- **PROBLEM STATEMENT**: From the first line to the last, output the records exactly and drop any images.

[Stored records]
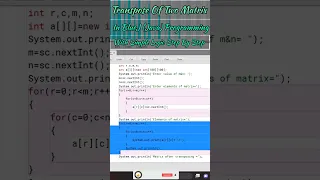 Transpose Of Two Matrix Program in BlueJ Java ll Two Dimension Array ll Array ll ll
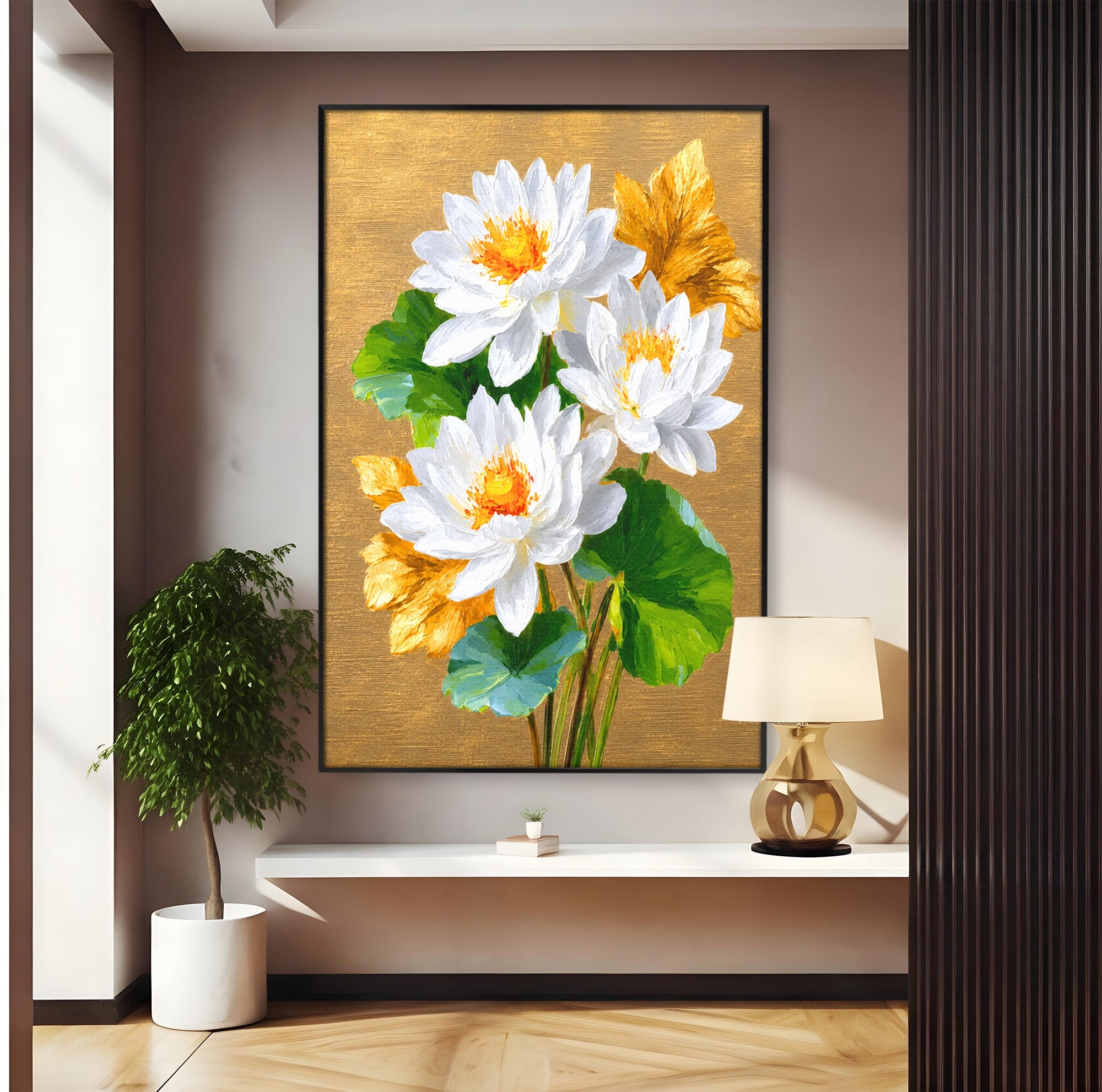 Tablou Canvas Premium LuxCanva® A1817, Armonie Florală, Flori, Lotus, Natura, Living, Dormitor, Culori Vibrante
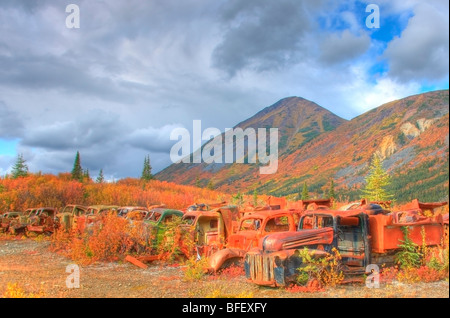 The Army Dump, also known as The Deadlines up the North Canol Road, Yukon. Located near MacMillin Pass. Stock Photo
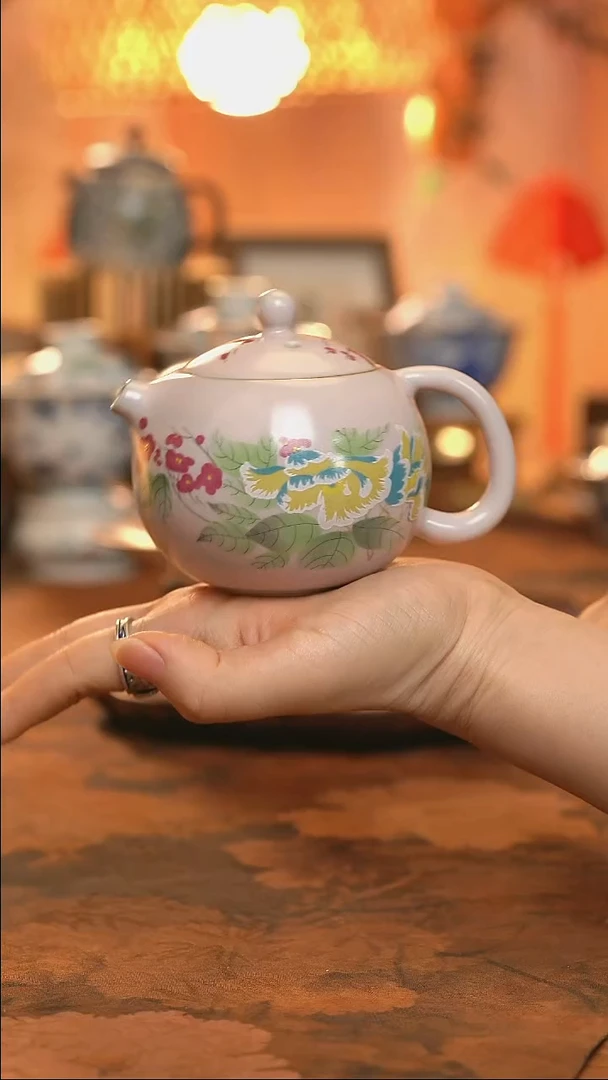 东岳窑汝窑芙蓉小西施壶桃粉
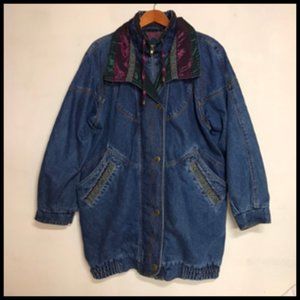 Vintage Denim Embroidery With Satin Insets Softly Lined Parka Length Coat Jacket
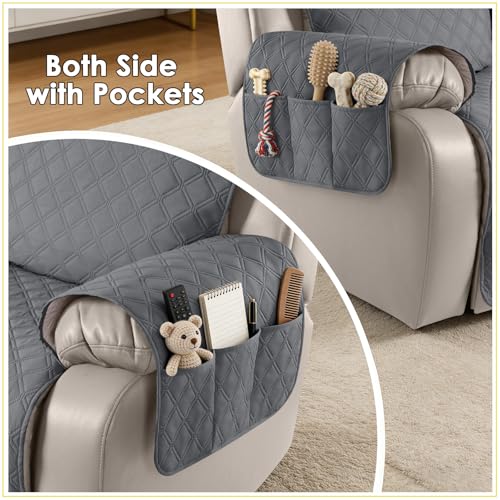 Image of TAOCOCO Polyester Recliner Chair Cover - Waterproof 1 Seater Sofa Protector, Anti-Slip Armchair Cover With Pockets for Pets (Dark Grey)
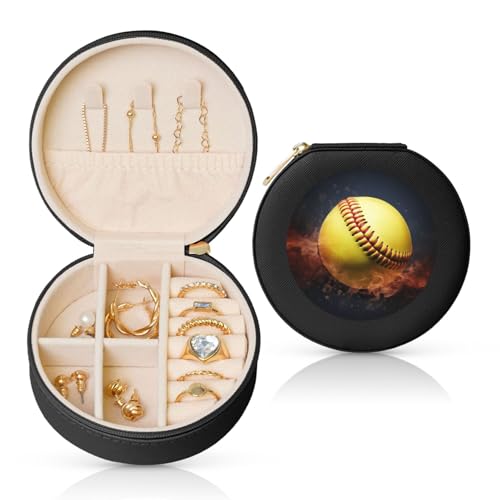 TRSGKSQP Schmuckschatulle für Damen und Mädchen, Leder, Reise-Schmucketui, Softball, tragbare Schmuck-Organizer-Box mit Reißverschluss für Ohrringe, Armbänder, Ringe TRSGKSQP Schmuckschatulle für Damen und Mädchen, Leder, Reise-Schmucketui, Softball, tragbare Schmuck-Organizer-Box mit Reißverschluss für Ohrringe, Armbänder, Ringe von TRSGKSQP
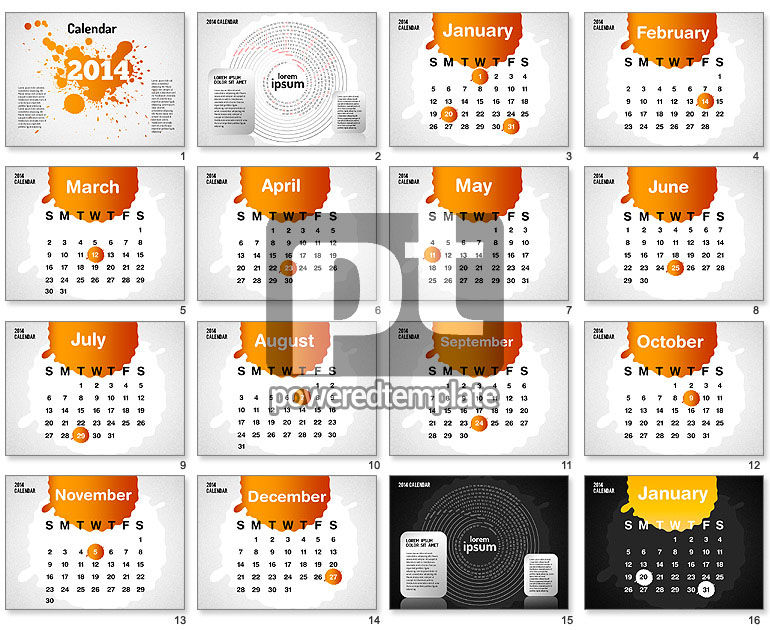 PowerPoint Calendar 2014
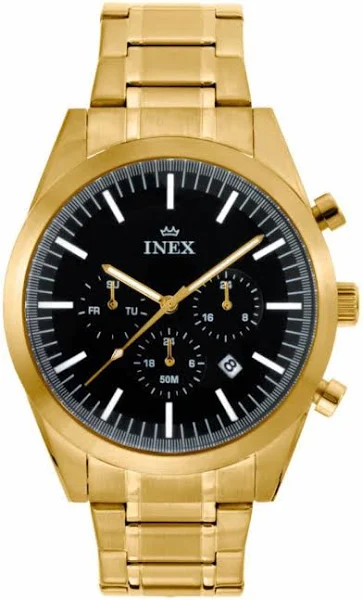 Inex Mens Gold Black A76204-1D5I Kwarc Złoty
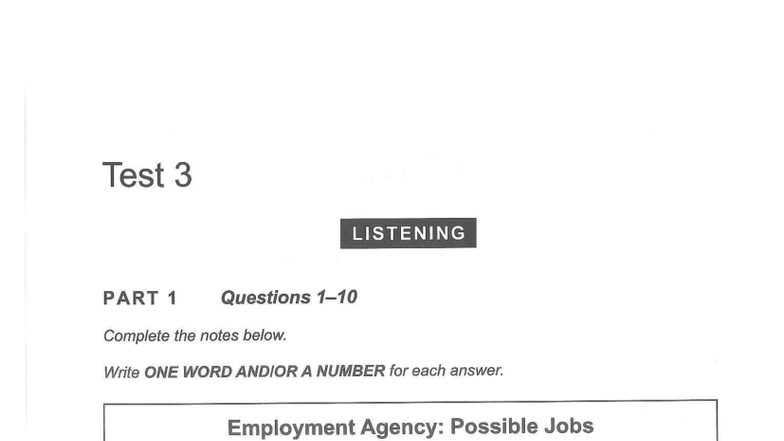 Test 3 Listening & Reading Questions - Complete Notes and Answers - Studocu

- **RESPONSE BOX**:
 Transpose Of Two Matrix Program in BlueJ Java ll Two Dimension Array ll Array ll ll
 Tablou Canvas Premium LuxCanva® A1817, Armonie Florală, Flori, Lotus, Natura, Living, Dormitor, Culori Vibrante
 The Army Dump, also known as The Deadlines up the North Canol Road, Yukon. Located near MacMillin Pass. Stock Photo
 东岳窑汝窑芙蓉小西施壶桃粉
 Vintage Denim Embroidery With Satin Insets Softly Lined Parka Length Coat Jacket
 Image of TAOCOCO Polyester Recliner Chair Cover - Waterproof 1 Seater Sofa Protector, Anti-Slip Armchair Cover With Pockets for Pets (Dark Grey)
 TRSGKSQP Schmuckschatulle für Damen und Mädchen, Leder, Reise-Schmucketui, Softball, tragbare Schmuck-Organizer-Box mit Reißverschluss für Ohrringe, Armbänder, Ringe TRSGKSQP Schmuckschatulle für Damen und Mädchen, Leder, Reise-Schmucketui, Softball, tragbare Schmuck-Organizer-Box mit Reißverschluss für Ohrringe, Armbänder, Ringe von TRSGKSQP
 PowerPoint Calendar 2014
 Inex Mens Gold Black A76204-1D5I Kwarc Złoty
 Test 3 Listening & Reading Questions - Complete Notes and Answers - Studocu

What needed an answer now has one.